Interconnection Networks: Practice unites with Theory (INPUT)

Lead Research Organisation: Durham University
Department Name: Engineering and Computing Sciences

Abstract

An interconnection network is a mechanism by which different components of a (usually large) computer system communicate. The design of interconnection networks is not straightforward as there are many issues to take into account, such as: the topology (that is, the basic pattern of connectivity of the components); the routing algorithms (that are used in order to transfer messages around the network); the methods of flow-control (that are used in order to deal with congestion when different network packets, for example, request limited hardward resources); and the methods of switching (the way in which once a route for a message has been selected, the message is physically transferred from component to component throughout the network). The whole area is an incredible mix of hardware, software and mathematics, and employs principles from both computer science and engineering.

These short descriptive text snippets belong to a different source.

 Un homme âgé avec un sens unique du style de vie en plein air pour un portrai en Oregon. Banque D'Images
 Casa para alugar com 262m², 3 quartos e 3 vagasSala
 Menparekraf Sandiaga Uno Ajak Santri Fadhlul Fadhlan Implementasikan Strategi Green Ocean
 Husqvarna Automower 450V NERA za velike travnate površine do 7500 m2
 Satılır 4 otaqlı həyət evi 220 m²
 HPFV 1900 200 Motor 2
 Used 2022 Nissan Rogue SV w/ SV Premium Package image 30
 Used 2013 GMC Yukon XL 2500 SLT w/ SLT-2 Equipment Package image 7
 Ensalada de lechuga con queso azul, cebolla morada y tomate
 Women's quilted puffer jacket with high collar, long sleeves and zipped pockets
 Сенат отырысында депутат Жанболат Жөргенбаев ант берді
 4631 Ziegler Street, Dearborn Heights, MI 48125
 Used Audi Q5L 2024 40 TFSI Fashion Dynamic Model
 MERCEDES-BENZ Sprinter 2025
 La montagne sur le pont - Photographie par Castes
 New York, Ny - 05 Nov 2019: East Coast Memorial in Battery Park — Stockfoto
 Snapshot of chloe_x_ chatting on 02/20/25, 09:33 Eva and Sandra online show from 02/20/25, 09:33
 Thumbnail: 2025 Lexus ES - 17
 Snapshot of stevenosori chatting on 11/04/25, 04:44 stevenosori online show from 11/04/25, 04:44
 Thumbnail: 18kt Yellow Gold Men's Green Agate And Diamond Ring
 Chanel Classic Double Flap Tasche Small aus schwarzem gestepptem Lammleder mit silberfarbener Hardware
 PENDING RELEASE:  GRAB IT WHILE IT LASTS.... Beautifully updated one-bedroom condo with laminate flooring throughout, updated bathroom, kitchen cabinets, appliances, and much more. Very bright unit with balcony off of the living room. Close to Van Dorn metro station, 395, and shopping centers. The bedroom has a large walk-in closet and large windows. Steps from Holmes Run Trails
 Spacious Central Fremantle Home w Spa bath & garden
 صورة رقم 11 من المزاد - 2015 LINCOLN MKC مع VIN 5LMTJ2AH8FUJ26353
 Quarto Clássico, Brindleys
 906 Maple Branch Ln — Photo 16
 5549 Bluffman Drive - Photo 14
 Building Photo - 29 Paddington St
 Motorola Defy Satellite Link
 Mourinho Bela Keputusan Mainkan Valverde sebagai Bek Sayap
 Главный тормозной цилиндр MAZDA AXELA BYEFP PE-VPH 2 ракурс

The field of interconnection networks covers a wide variety of different communications subsystems, from relatively small, very local on-chip networks, through supercomputers and clusters, and on to vast, remote and evolving networks such as those implemented in grid and cloud computing (upon which so much of the ubiquitous computing in modern society depends). Although many interconnection network principles apply universally, the varying domain characteristics and intended applications lead to a number of differences. The full extent of these differences is impossible to cover here but one is the scale of the interconnection network. On-chip networks are relatively small - currently tens of nodes (though there are efforts to scale up to a thousand nodes), whilst the number of nodes used in data centre networks or supercomputers can be hundreds of thousands. The research in this proposal aims to improve the design of interconnection networks for large-scale systems such as those employed in supercomputers, clusters and data centres by developing closer links between the mathematics behind interconnection networks and the practical construction of interconnection networks.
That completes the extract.